### Input records:
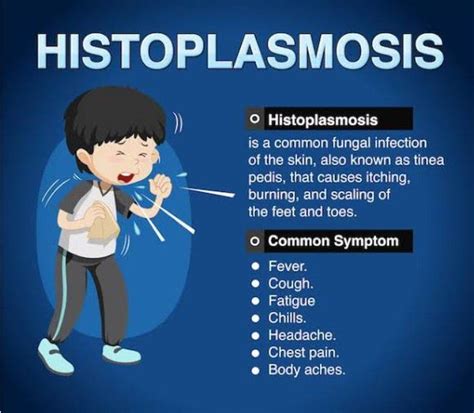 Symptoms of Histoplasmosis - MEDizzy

* * *

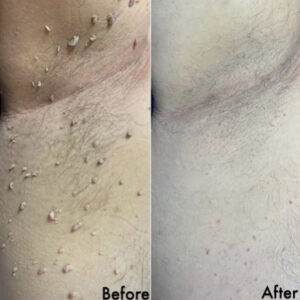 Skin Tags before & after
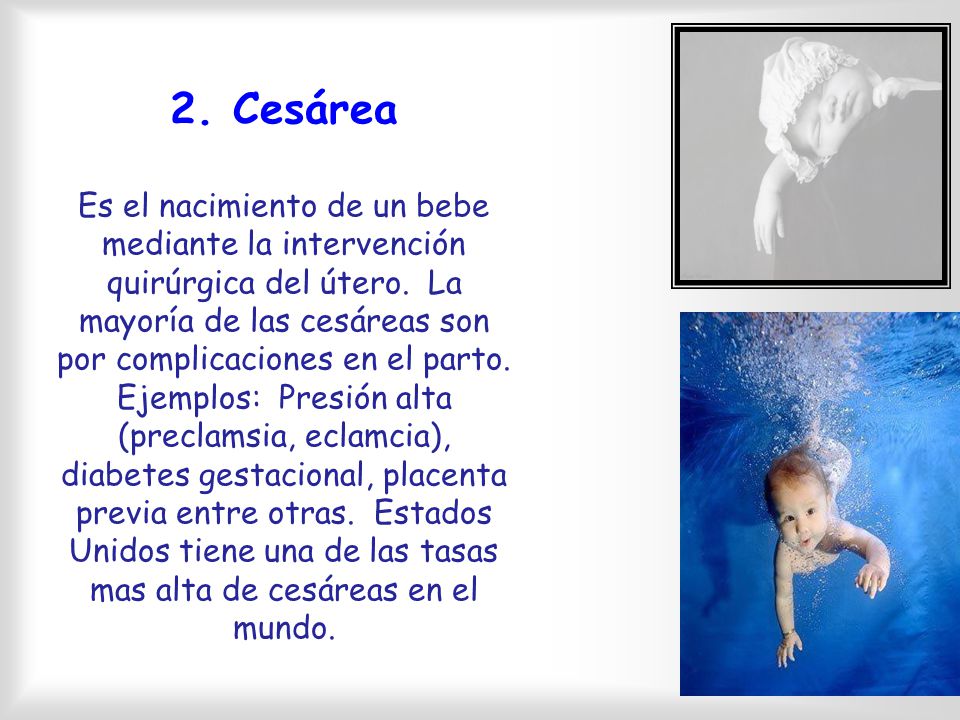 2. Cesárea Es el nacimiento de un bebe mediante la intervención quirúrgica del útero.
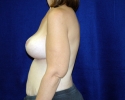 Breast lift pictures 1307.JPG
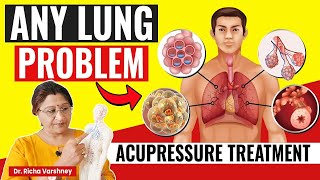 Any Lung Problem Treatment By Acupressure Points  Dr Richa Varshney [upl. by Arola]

--

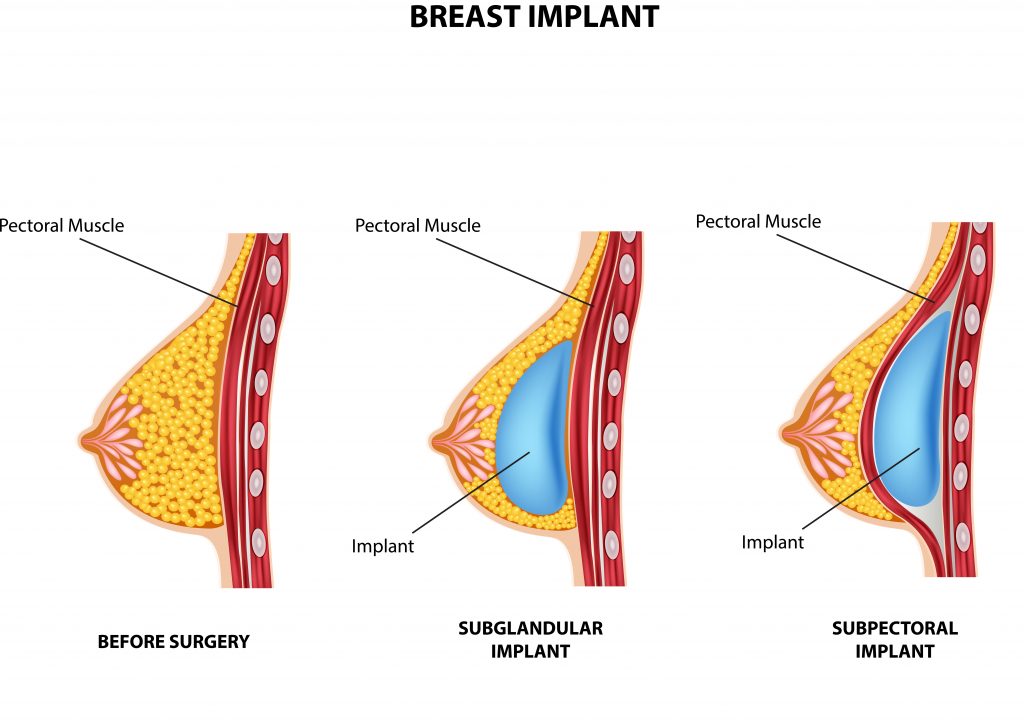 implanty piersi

### Work item:
Using the listing above, repeat word for word each line from the one with "Breast lift pictures 1307.JPG" down to the one with "Any Lung Problem", both included. Omit all pictures.

### Output of the exercise:
 Breast lift pictures 1307.JPG
 Any Lung Problem Treatment By Acupressure Points  Dr Richa Varshney [upl. by Arola]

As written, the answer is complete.